Records from a collection:
○ ○ ○ ○

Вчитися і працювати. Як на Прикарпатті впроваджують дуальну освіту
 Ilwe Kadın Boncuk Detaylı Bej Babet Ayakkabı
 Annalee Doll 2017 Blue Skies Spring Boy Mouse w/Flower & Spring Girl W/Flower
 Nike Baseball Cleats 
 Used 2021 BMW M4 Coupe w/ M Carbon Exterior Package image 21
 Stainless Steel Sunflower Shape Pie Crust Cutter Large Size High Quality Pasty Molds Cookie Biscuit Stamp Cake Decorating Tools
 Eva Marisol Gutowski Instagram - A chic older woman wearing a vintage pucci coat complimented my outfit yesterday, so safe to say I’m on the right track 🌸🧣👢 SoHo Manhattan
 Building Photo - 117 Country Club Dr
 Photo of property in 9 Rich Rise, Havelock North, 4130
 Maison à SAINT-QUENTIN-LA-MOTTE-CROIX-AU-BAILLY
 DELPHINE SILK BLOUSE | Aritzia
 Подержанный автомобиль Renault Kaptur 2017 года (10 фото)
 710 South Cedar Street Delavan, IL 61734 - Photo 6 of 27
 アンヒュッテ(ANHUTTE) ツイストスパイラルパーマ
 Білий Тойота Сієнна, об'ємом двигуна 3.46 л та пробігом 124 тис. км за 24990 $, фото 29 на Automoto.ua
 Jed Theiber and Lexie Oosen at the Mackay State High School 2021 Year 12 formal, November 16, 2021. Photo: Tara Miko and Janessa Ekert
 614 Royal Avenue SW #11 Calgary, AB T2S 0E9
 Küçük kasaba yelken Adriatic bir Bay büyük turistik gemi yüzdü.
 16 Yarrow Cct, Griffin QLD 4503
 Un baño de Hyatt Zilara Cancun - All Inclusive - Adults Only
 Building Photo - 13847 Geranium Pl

○ ○ ○ ○

■ Directions:
Look through the entries. Copy out each line with "High" in it.

■ Answer to this problem:
 Stainless Steel Sunflower Shape Pie Crust Cutter Large Size High Quality Pasty Molds Cookie Biscuit Stamp Cake Decorating Tools
 Jed Theiber and Lexie Oosen at the Mackay State High School 2021 Year 12 formal, November 16, 2021. Photo: Tara Miko and Janessa Ekert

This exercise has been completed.